Republic v Benard Imbiru Misigo [2013] KEHC 1029 (KLR)
Full Case Text
REPUBLIC OF KENYA
IN THE HIGH COURT OF KENYA AT ELDORET
CRIMINAL CASE NO. 15 OF 2004
REPUBLIC …..................................................................... PROSECUTOR
VERSUS
BENARD IMBIRU MISIGO ........................................................... ACCUSED
RULING ON A CASE TO ANSWER
The accused, Benard Imbiru Misigo is charged with the offence of murder contrary to Section 203 as red with Section 204 of the Penal Code.
Particulars of the charge are that on the 15th day of February, 2004 at Kipture Village in Nandi North District within the Rift Valley Province, murdered Sarah S'eanzu.
The standard of proof as to whether the prosecution has established a prima facie case was laid down in the celebrated case of RAMANLAL TRAMBAKLAL BHATT -VS- REPUBLIC (1957) E.A. 332 as follows:-
"(i) The onus is on the prosecution to prove its case beyond reasonable doubt and a prima facie case is not made out if at the close of the prosecution, the case is merely one which on full consideration might possibly be thought sufficient to sustain a conviction.
(ii) The question whether there is a case to answer cannot depend only on whether there is 'some' evidence irrespective of its credibility or weight sufficient to put the accused on his defence. A mere scintilla of evidence can never be enough; nor can any amount of worthless discredited evidence."
And in R -VS- JAGJIVAN M. PATEL AND OTHERS 1, TLR, 85 the learned Judge said;
"All the court has to decide at the close of evidence of the charge is whether a case is made out against the accused just sufficiently to require him to make a defence, it may be a strong case or it may be a weak case.
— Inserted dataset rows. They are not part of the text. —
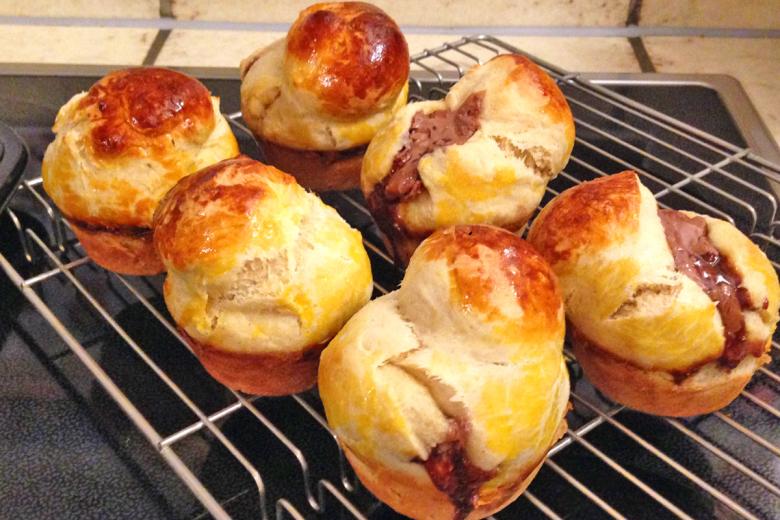 Truffes-Brioches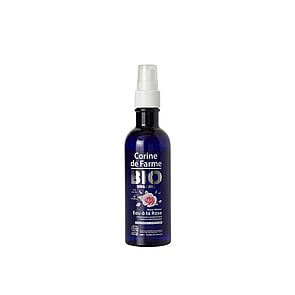 Corine de Farme Bio Toning & Moisturizing Rose Water 200ml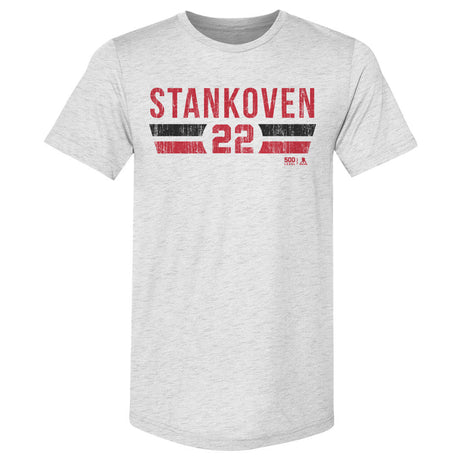 Logan Stankoven Men's Premium T-Shirt | 500 LEVEL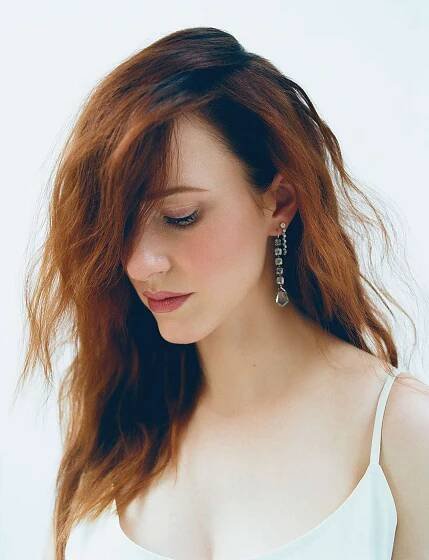 Rachel Brosnahan for Only Natural Diamonds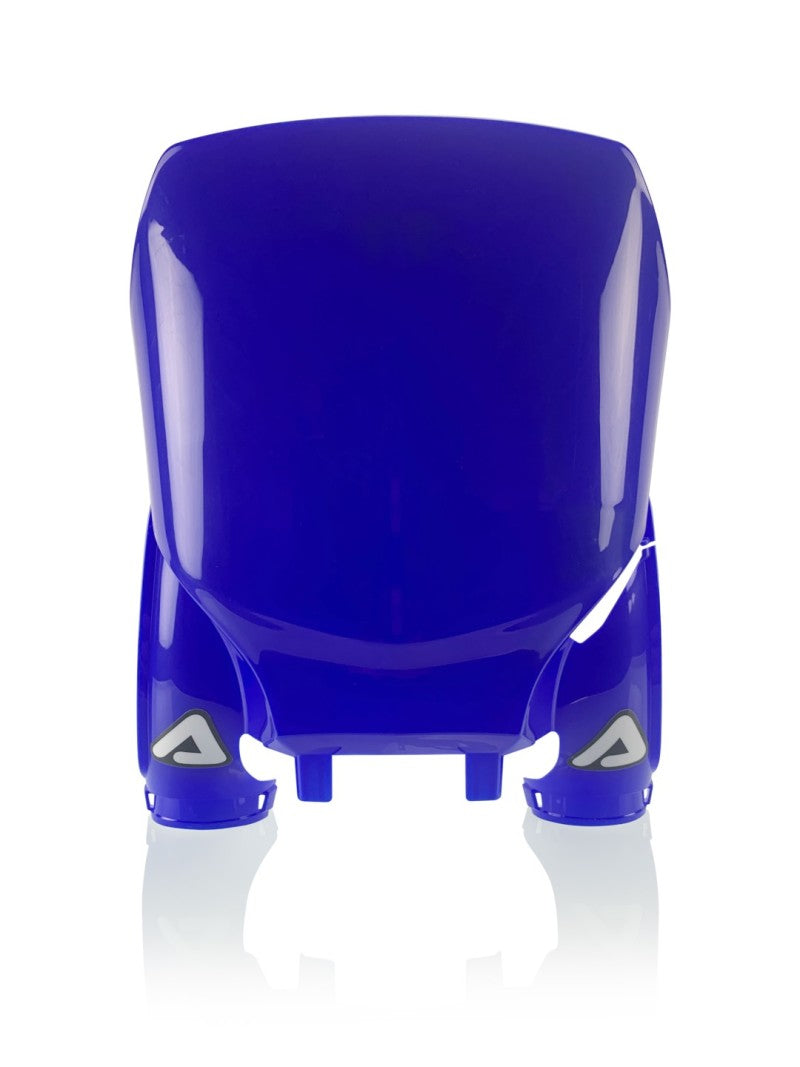 Acerbis Raptor 2 Number Plate - 23+ Yam YZ250F / YZ450F/FX - Blue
The court is not required at this stage to apply, its mind in deciding finally whether the evidence is worthy of credit or whether, if believed, it is weighty enough to prove the case conclusively, beyond reasonable doubt. A ruling that there is a case to answer would be justified, in my opinion, in a border line case where the court, though not satisfied as to conclusiveness of the prosecution evidence, is yet of opinion that the case made out is one which on full consideration might possibly be thought sufficient to sustain a conclusion."
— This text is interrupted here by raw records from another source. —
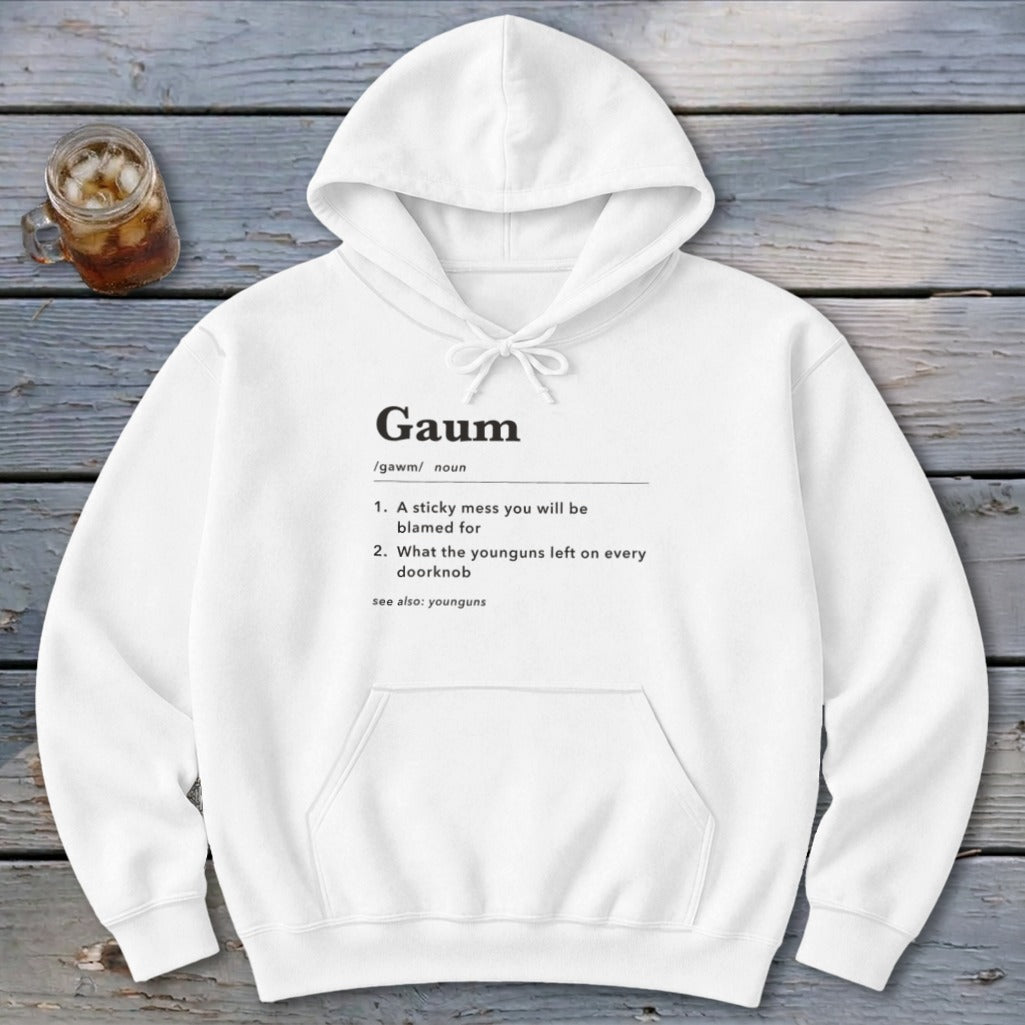 Gaum Definition Hoodie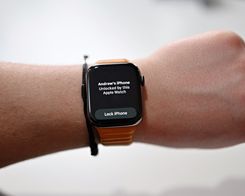 Lås upp med Apple Watch Fungerar inte för vissa iPhone 13…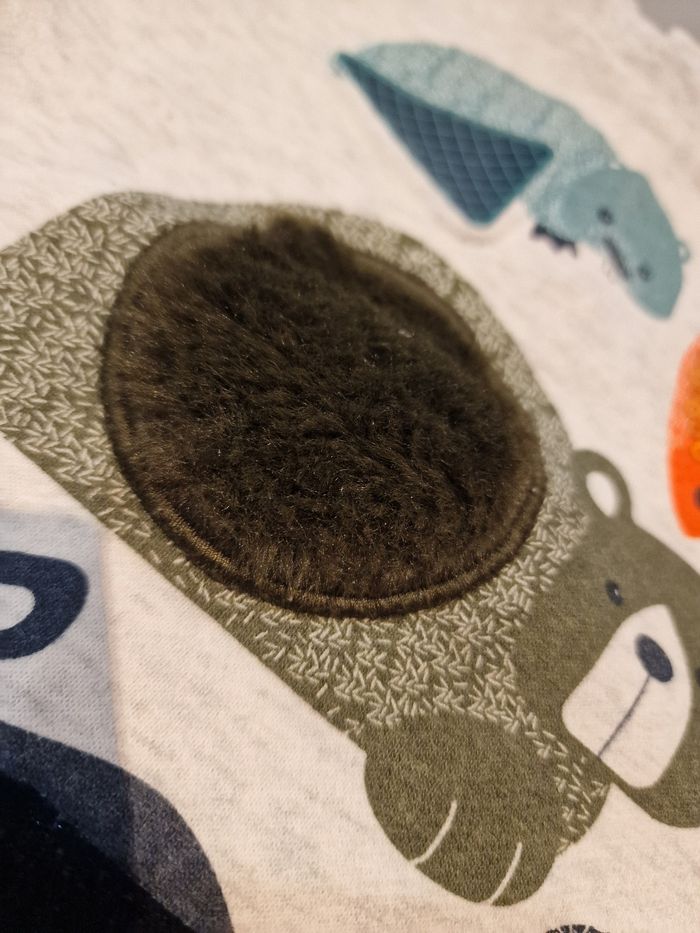 Pull 12M / 74cm - photo numéro 6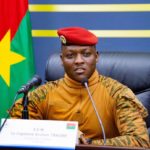 Capitaine Ibrahim Traoré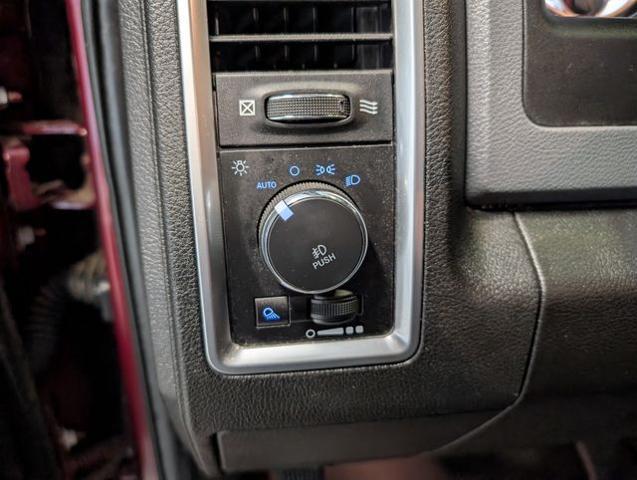 2019 Ram 1500 Classic Warlock Quad Cab 4x4 6'4" Box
I took over the conduct of this case from the evidence of PW6. Effectively I only heard the evidence of both PW6 and PW7 who are the doctors who produced the deceased's Post Mortem Report and the Investigating Officer.
I have in addition, had the advantage of reading the typed proceedings of the evidence of other prosecution witnesses. PW1 who is the key prosecution witness testified that she heard screams coming from the house of the accused. That she ran towards the house and as she approached the house saw the accused run out and the deceased lying down near the door. She said she ran to call her aunt, Sally. That after 30 minutes when she returned to the scene, she saw the accused with cut wounds on the legs and the deceased was lying in the house. The accused was also holding a panga.
PW2, in corroborating the testimony of PW1 confirmed seeing blood stains in the house of the accused. She said both the accused and the deceased were lying down. That the deceased had cuts on the forehead, throat and across the eyes and she was covered with a blanket as she lay dead.
The Post Mortem report was produced by PW6. The injuries observed by the witness were consistent with the evidence of PW1. Other witnesses who visited the scene confirmed the deceased was found dead in the house of the accused.
Prima facie therefore, the prosecution has demonstrated that the accused has a case to answer and I accordingly put him on his defence.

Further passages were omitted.